II. Decision Under Review
A. The RPD Decision
[14] On November 2, 2023, the RPD found that the Applicant was not a refugee within the meaning of sections 96 and 97 of the IRPA and dismissed his claim. The RPD found that he did not establish that he faced persecution on a Convention ground, and did not satisfy, on the balance of probabilities, that he would personally be subjected to a risk to life or a risk of cruel and unusual treatment or punishment, or danger of torture should he return to India. The determinative issue for the RPD was that the Applicant had a viable internal flight alternative (IFA) in Mumbai or Kolkata.
[15] The RPD determined that the Applicant’s claim had a nexus to the Convention ground of political opinion or an imputed political opinion due to the allegations of being a supporter of Islamic terrorists. The RPD assessed the Applicant’s claim under section 96 of the IRPA.
[16] The RPD had and noted multiple concerns regarding the Applicant’s credibility but chose not to make a credibility finding because an IFA was found. The RDP did not find the Applicant credible in his testimony that he was formally charged by the Ambala police in April 2022 because he had testified that the charges were “unofficial”
and because the Applicant offered no explanation that otherwise indicated that he had been formally charged. No First Information Report [FIR] had been issued against him and none had been alleged to have been issued.
[17] The RPD recalled the Applicant’s testimony that he saw the police input information into a laptop during his April 4, 2022 arrest in Ambala, a detail he had omitted from his initial basis of claim forms. The RPD held that the Applicant’s explanation that he could not include this information in his basis of claim forms because it would be too lengthy was unreasonable. The RPD reasoned that the Applicant was represented by counsel when he completed his basis of claim forms and that his witnessing the recording of his particulars in a police database such as the Crime and Criminal Tracking Networks and Systems (CCTNS) would be incredibly important to his claim because it could negate a potential IFA. On the whole of the evidence, including the Applicant’s affirmations that he had not been charged and the lack of evidence that a FIR had been issued against him, the RPD found it more likely than not that the claimant’s personal information was not in a police database. On this basis, the RPD concluded that he could not be tracked by his alleged agents of persecution through the CCTNS and found elsewhere in India.
[18] The RPD also drew a negative inference of credibility from the Applicant’s evidence regarding his relationship with Nazia. The RPD found that the Applicant’s testimony about whether he had or could reach Nazia was contradictory and “evolving”.
The RPD drew a further adverse inference from the fact that the Applicant provided no corroborating evidence of his relationship, noting that it would be reasonable to expect some evidence of the relationship given his testimony that he lived with Nazia, had an amorous relationship with her, and, that they were in contact after returning to their respective home countries. The RPD did not accept the Applicant’s explanation that the sole evidence of their relationship was on his phone and that his phone was seized by the police during one of his arrests, thereby making it impossible for him to access visual or other evidence of their relationship.

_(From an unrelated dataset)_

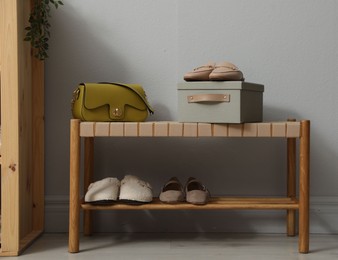 Photo of Different footwear on bench indoors. Shoe storage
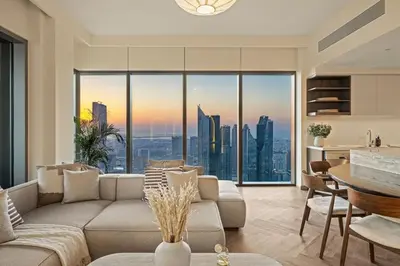 a living room with a couch and a table at Seraya Residence 11 - 3BDR - Private Jacuzzi and Infrared Sauna in Dubai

[19] The RPD highlighted the discrepancies in and the evolving nature of the Applicant’s evidence with respect to his relationship with Nazia and found on the balance of probabilities that the Applicant had not maintained communications with Nazia after leaving Singapore in January 2022.
[20] Given the absence of corroborative evidence of the existence of any relationship between the Applicant and Nazia, the RPD found on the balance of probabilities that the Applicant and Nazia did not have the relationship as alleged.
[21] In light of these key findings, the RPD further determined that the Karnal police, the Applicant’s alleged agents of persecution, would have neither the means nor the motivation to locate him in the proposed IFA location. The RPD determined that the police would not have the means to locate the Applicant in the IFA location because of a) the Applicant’s evidence that his name had been input into a police database during an extrajudicial arrest, i.e. an arrest without charges being laid, was not credible; and, b) objective evidence contained in the National Documentation Package [NDP] for India reflected that extrajudicial arrests would not be captured in official criminal databases such as the CCTNS. The RPD determined that the Applicant had not shown on a balance of probabilities that he was traceable as a criminal or person of interest through official criminal databases or through the tenant verification database.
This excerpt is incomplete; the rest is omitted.